Elle explore le vécu de l’individu et les tréfonds de la rancœur pour saisir les ressorts de cette réaction émotionnelle universelle. Cette réaction affective s’insinue au cœur même de la personne, gagne insidieusement en profondeur et en volume jusqu’à occuper tout l’espace psychique, à abolir tout discernement, à diminuer sa capacité d’action, sa capacité d’être, sa créativité, jusqu’à en faire le prisonnier. Le re-sentiment ressasse sans cesse, le ruminant rumine à l’envi ses interprétations, ses états d’âme débilitants, et s’enferme dans un cercle vicieux d’impuissance et de plainte.
« La rancoeur, c’est le fait d’en vouloir à ; et l’on voit comment ce en vouloir à prend la place de la volonté, comment une énergie mauvaise se substitue à une énergie vitale joyeuse, comment cette falsification de la volonté, ou plutôt cet empêchement de la bonne volonté, cette privation de la volonté pour, comment ce ressentiment prive la volonté d’une bonne direction ». Contamination, indétermination, intoxication, déformation du sens des valeurs… font le lit du conspirationnisme … Instrument de liberté par excellence, la faculté de juger devient alors un instrument de servitude et l’aliénation.
Dans un monde de surabondance d’informations et de pseudo-informations livrées en continu sans contextualisation ni vérification, l’individu, submergé, devient la proie grégaire et facile du ressentiment, soumis et complice des lynchages anonymes des réseaux dits sociaux. De même, l’individualisme ambiant constitue un terreau fertile à la prolifération du ressentiment, où la violence mimétique devient pain quotidien.
Et l’on peut aisément observer comment la contagion exponentielle de ces rancoeurs individuelles gagne toutes les strates d’une société jusqu’à en affecter les fondements démocratiques. L’histoire déborde en effet de situations collectives qui ont généré du ressentiment, et l’auteure consacre un large chapitre au nazisme où elle propose de dépasser les analyses de Wilhelm Reich, qui considère que le despote est le seul responsable des mouvements de masse. De même, elle établit une comparaison entre l’âme de la personne en proie au ressentiment et l’esprit du capitalisme. « Le capitalisme réduit les individus au rang d’objets interchangeables. Tout comme l’individu qui éprouve de la rancœur, il se fige, il est réifié, paralysé ». Ce qui explique un besoin de reconnaissance de plus en plus prégnant, où l’individu pourra s’estimer accepté dans sa personne, avec son originalité et sa spécificité.

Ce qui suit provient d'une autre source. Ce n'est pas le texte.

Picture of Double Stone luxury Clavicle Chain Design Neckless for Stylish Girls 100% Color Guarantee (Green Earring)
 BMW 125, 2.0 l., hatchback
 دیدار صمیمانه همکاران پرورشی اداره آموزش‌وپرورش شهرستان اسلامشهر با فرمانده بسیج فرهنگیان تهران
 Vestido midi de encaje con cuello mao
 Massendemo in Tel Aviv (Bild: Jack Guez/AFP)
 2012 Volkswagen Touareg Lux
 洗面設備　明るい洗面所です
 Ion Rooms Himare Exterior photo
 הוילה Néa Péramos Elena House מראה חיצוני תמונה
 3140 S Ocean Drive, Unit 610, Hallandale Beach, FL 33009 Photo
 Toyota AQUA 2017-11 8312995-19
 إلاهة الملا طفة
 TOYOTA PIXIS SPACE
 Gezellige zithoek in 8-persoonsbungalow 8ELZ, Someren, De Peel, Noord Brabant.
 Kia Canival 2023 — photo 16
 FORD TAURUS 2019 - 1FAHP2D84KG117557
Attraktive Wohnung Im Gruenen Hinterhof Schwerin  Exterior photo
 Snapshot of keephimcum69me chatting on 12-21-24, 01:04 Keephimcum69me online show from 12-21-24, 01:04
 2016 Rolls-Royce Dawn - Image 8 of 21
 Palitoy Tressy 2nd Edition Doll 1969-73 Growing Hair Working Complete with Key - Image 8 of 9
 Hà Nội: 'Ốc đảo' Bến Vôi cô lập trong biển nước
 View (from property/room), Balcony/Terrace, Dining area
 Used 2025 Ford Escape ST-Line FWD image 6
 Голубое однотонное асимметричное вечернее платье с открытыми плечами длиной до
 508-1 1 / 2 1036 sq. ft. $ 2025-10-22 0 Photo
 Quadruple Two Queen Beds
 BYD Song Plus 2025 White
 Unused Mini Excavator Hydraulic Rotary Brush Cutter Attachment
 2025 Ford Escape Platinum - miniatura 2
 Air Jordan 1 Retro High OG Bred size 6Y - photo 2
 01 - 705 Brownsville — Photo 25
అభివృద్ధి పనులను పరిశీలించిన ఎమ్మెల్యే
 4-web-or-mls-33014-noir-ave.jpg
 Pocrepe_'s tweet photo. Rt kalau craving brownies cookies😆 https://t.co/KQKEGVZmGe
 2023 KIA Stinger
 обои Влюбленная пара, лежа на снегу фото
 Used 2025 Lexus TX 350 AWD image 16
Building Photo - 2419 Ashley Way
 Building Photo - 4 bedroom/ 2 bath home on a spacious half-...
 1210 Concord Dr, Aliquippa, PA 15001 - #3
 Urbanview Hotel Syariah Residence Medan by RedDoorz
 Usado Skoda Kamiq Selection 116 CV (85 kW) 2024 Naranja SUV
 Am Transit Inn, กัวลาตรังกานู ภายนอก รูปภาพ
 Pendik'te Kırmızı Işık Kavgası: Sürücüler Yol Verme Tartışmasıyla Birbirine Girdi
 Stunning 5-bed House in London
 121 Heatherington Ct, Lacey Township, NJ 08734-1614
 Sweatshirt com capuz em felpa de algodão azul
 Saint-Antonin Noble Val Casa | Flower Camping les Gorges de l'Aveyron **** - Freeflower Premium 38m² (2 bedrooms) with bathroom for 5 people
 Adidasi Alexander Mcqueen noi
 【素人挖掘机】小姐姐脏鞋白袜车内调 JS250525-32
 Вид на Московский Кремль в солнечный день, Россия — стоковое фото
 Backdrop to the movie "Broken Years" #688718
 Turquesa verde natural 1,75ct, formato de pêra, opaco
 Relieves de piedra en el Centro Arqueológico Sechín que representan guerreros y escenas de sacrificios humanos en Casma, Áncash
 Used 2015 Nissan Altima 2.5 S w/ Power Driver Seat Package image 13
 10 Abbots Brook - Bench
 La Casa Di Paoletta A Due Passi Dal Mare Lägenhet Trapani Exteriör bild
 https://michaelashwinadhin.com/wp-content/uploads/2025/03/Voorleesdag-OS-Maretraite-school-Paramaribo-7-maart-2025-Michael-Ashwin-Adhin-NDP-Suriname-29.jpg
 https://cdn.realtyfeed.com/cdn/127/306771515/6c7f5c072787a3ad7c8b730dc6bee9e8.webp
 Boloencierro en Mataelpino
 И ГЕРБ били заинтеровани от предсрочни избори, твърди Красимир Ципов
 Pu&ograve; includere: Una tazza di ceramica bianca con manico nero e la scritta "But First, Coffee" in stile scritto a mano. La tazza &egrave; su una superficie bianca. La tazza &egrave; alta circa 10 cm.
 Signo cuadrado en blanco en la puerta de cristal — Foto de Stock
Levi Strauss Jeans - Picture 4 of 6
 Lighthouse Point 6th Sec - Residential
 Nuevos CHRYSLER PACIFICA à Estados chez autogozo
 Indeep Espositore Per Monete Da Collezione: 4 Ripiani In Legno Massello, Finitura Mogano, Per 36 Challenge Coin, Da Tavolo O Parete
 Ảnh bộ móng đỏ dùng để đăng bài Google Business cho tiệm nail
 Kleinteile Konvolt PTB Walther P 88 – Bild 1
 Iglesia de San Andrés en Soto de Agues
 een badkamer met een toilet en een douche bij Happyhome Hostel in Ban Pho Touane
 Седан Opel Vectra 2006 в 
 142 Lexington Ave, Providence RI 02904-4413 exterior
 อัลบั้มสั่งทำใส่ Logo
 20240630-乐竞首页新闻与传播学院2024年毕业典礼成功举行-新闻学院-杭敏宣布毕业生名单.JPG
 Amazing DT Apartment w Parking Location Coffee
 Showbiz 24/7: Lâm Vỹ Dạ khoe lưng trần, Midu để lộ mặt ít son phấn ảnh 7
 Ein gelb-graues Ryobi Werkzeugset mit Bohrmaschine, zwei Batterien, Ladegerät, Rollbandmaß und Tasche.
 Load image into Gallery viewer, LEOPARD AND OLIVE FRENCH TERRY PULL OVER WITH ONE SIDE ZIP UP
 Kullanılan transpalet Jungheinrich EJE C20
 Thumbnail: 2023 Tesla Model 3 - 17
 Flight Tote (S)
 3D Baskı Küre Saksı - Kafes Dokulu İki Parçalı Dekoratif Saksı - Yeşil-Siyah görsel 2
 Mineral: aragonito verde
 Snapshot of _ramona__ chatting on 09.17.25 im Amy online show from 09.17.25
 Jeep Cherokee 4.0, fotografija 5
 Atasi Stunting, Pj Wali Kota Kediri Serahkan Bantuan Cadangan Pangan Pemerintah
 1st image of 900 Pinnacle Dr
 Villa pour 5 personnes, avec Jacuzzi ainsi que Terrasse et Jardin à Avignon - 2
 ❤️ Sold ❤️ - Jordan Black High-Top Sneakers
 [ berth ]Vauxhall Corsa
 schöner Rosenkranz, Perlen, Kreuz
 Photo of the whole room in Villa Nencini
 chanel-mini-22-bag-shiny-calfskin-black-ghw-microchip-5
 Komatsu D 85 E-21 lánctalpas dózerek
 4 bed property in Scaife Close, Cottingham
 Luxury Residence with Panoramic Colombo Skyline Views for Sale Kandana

Comment peut-on malgré tout, vivre dans ce monde hors du ressentiment et même de l’amertume ? Les questions de l’éducation et du soin (au sens large, c’est-à-dire de la santé à la solidarité sociale) lui semblent déterminantes à l’apprentissage de la liberté et de la responsabilité individuelle.
Le soin pour délier les nœuds personnels, le soin comme attention permanente et particulière apportée à autrui. La culture pour retrouver le sentiment de l’universel, et sublimer les pulsions négatives en souci du bien commun. Deux domaines qui offrent les possibilités de sublimation et de symbolisme capables de libérer l’esprit de la rancœur et de retrouver le chemin de la « philia, au sens large du terme, des vertus d’amour et d’amitié ».
L’organisation du livre, par de courts chapitres bien sentis, clairement écrits, sans jargon, permet au lecteur de suivre pas à pas la pensée limpide de l’auteure dans les méandres et la complexité du sujet, dans sa dimension individuelle autant que dans son prolongement collectif. Cynthia Fleury nous livre ici une pensée écrite à la première personne, une pensée d’autant plus actuelle que notre siècle a traversé (traverse) depuis une dizaine d’années une longue période où le ressentiment faisait (fait) la loi dans l’espace public, particulièrement servi par la tyrannie sauvage des réseaux dits sociaux et la résonance de certaines chaînes d’info en continu (« les fléaux de l’information », titre à la Une, le Monde Diplomatique d’avril 2021).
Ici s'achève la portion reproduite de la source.